In 2020, the smart agriculture technology market was worth more than $26 billion and compound 
annual growth rate (CAGR). It is worths more than one-third of the market value in the Asia-Pacific region. 
The value of the smart agriculture market in Thailand was $128.7 million in 2018 and is expected to reach 
$269.9 million in 2022. Apparently, an intelligent algorithm like machine learning and tools [8] allows 
automated machines to learn and utilize the trained algorithms to solve problems for humans. 

In this research, the classification of distinctive features of images was used, designed for various 
applications. For example, image classification algorithms are used to learn and classify data. The algorithms, 
such as k-nearest neighbors (KNN) [9], decision tree [10], random forest [11], support vector machine 
(SVM) [12], and logistic regression [13] were used. In addition, selecting the most appropriate data 
classification algorithm to extract the distinctive features of the images in the dataset is crucial. The 
algorithm will measure the models' best performance, including accuracy, precision, recall, and f1l-score. 
This research divided data into two parts: a training set and test set by k-fold cross validation (K-fold), 
stratefied k-fold (SK-fold) and leave one out cross validation (LOOCYV). In this study, 5-fold cross validation 
was combined with python language to classify data. It is also used to obtain reliable results to measure the 
extraction efficiency and key features of the sweet tamarind. 
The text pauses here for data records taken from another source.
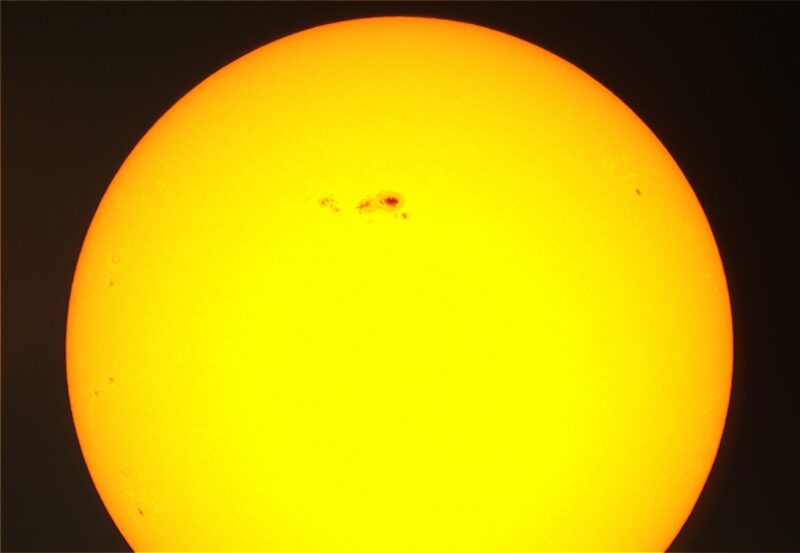 The sun, seen as a sectional yellow sphere with sparse dark spots.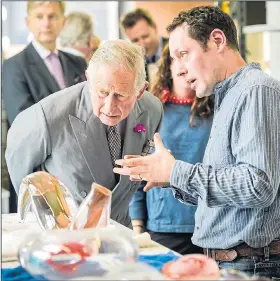  ??  ?? Prince Charles is shown glass works yesterday by Charlie MacPherson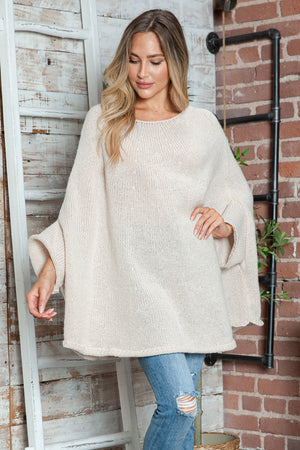 Cream knit sweater with cape sleeves and a relaxed fit, styled with ripped jeans.
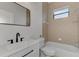 Clean bathroom with white vanity and beige tile at 9100 Yarberry St, Sarasota, FL 34240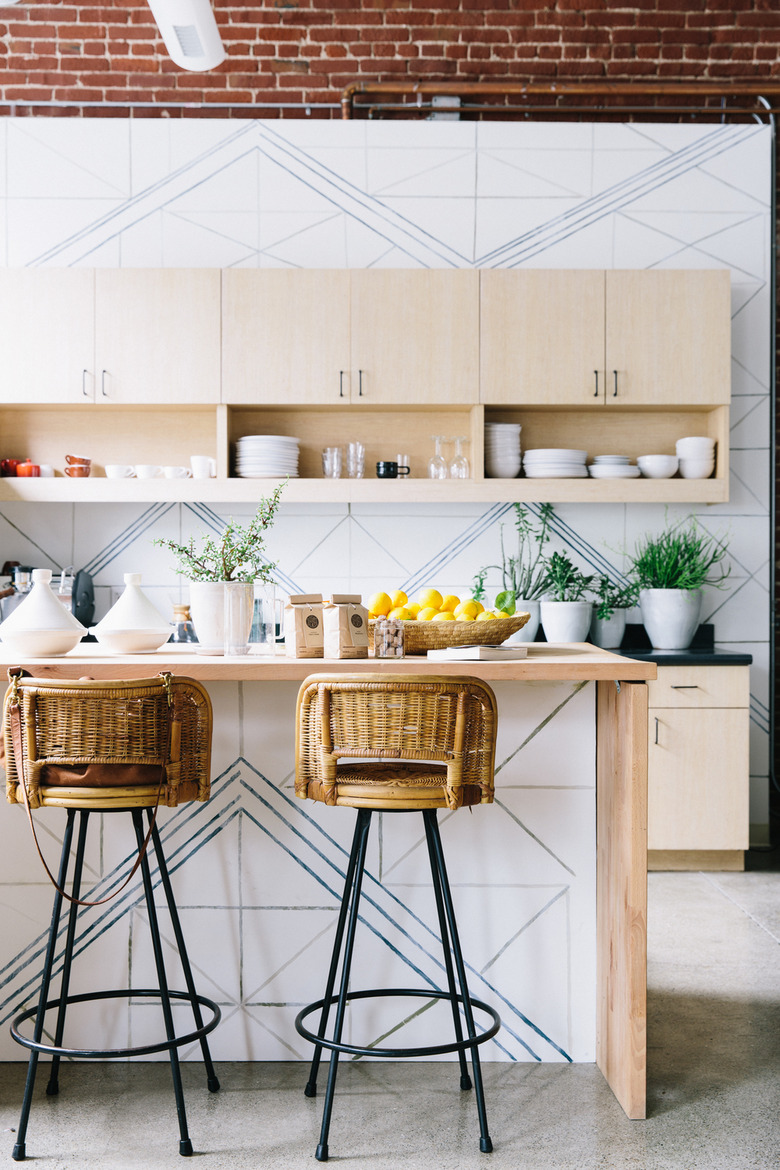 patterned bohemian kitchen with rattan chairs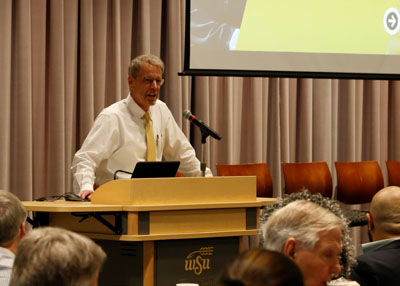 Dan Peare, board chair for the WSU Foundation, opens the National Advisory Council spring business meeting.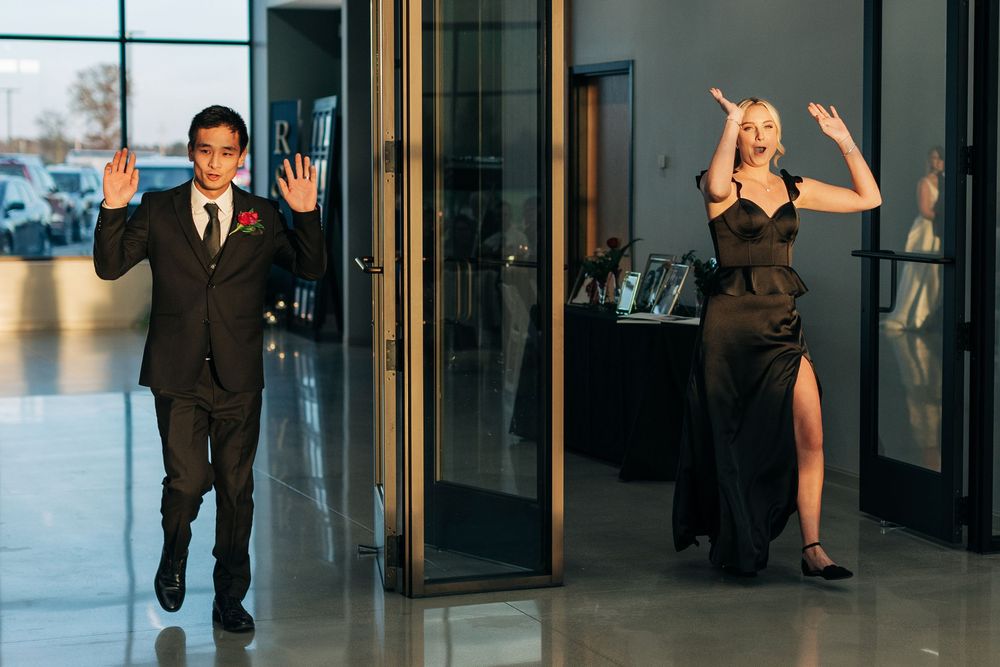 A man in a suit and woman in a black gown wave as they enter a formal event venue.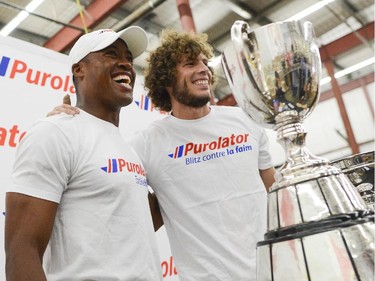 (L-R) The Ottawa  Redblacks QB, Henry Burris and Fury FC forward, Tom Heinemann smiles for the camera as they sort through the donated foods at the Ottawa Food Bank for Purolator Tackle Hunger weekend on Thursday, Aug. 14, 2014. Fans attending the Redblacks and Fury FC games in Aug. 15 and 17 are encouraged to bring non-perishable food items or cash donations to the volunteers stationed at the stadium gates. Fans will have the opportunity to have a photo taken with the Grey Cup and North American Soccer League (NASL) Soccer Bowl trophy.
The results were then used to develop a standardized size sorting tool for sweet tamarind. More 
results can be applied in sorting the packing size of the sweet tamarind for export. The abovementioned 
technologies have been used in the agricultural sector to increase production efficiency, reduce the 
production cost, and save time and labor. Moreover, the production quality can be precisely controlled. 


2. THEORETICAL BACKGROUND AND RELATED RESEARCH 

2.1. Image processing 

Image consists of small units called pigment or pixel in which each point has a numerical value. 
There are 4 types of general images processing: 

— Original images—an image formed by a combination of three primary colors which vectors are showing 
red, green, and blue values [14]. 

— Gray scale image — an image with a color in grayscale. In 8-bit, there are 256 possible colors ranging 
from black (0) to white (255) [15]. 

— Binary images—an image consisting only of black and white. There are only two values in black and 
white image dots: black as 0 and white as 1 or 255 [16]. 

—  Histogram—graph which presented total numbers of dots in the image. The horizontal axis shows the 
intensity level from 0-255. When the grayscale is low, the intensity with less values will be seen as 
black. If grayscale is high, this means that the image is very intense and will be seen as white. The 
vertical axis of the graph shows a number of image dots valued at each intensity range. 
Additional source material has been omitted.